Stewart is a census-designated place and unincorporated community in Montgomery County, Mississippi, United States. As of the 2020 census, it had a population of 99.

The Stewart Volunteer Fire Department is located in Stewart.

==History==
The Georgia Pacific Railway completed a line through Stewart in late 1880s.

By 1906, Stewart had a post office and a population of 200.

A bed of iron ore located 3 mi north of Stewart was mined during the 1950s, and shipped by railway to Birmingham, Alabama for processing.
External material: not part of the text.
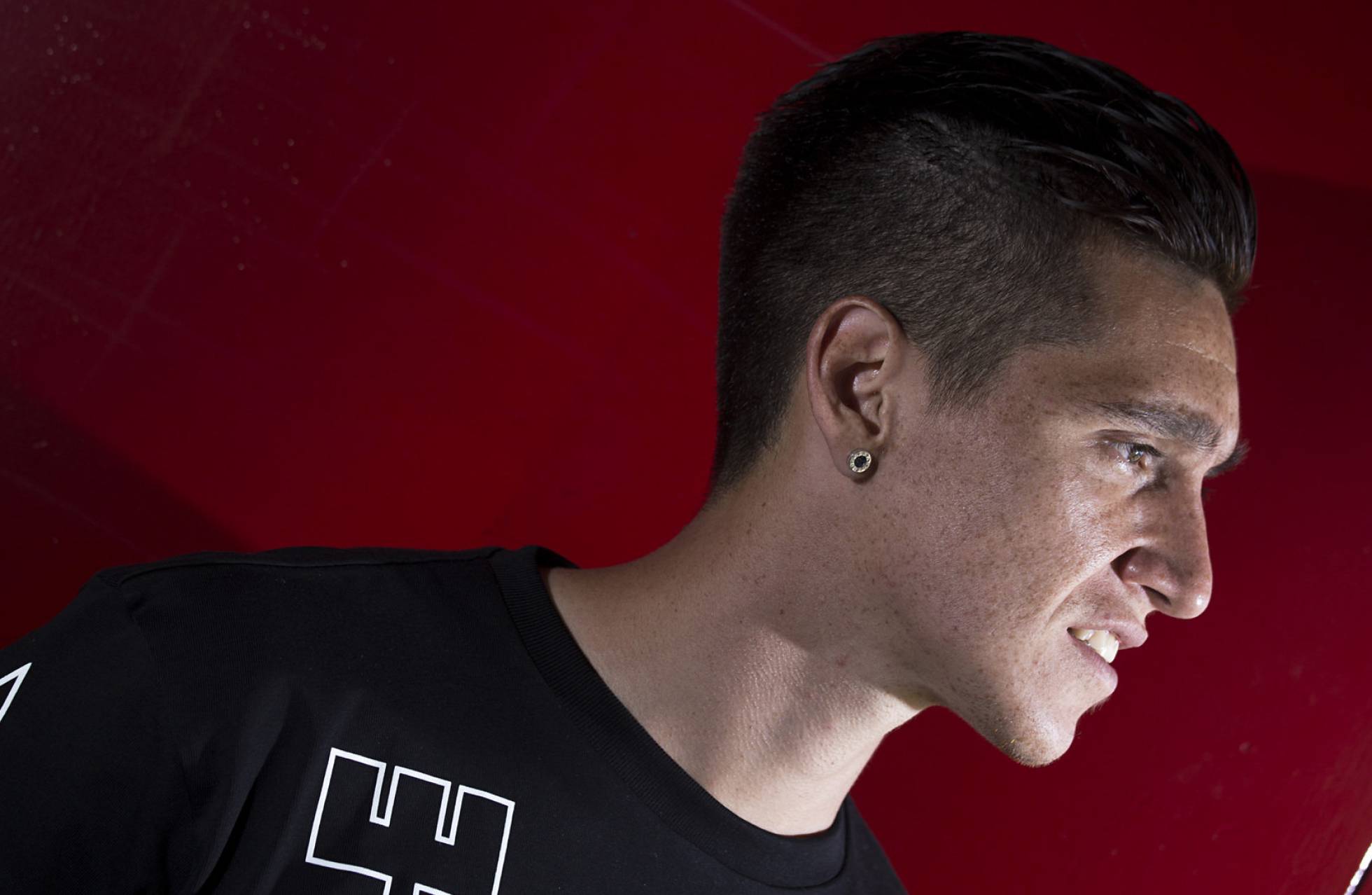 Kranevitter encara su primer partido oficial con el Sevilla. Kranevitter encara su primer partido oficial con el Sevilla.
It was first listed as a census-designated place for the 2020 census.

==Geography==
Stewart is in eastern Montgomery County and is bordered to the north by Webster County. U.S. Route 82 passes through the community, leading west 8 mi to Kilmichael and northeast 12 mi to Eupora. Winona, the Montgomery county seat, is 19 mi to the west via US 82.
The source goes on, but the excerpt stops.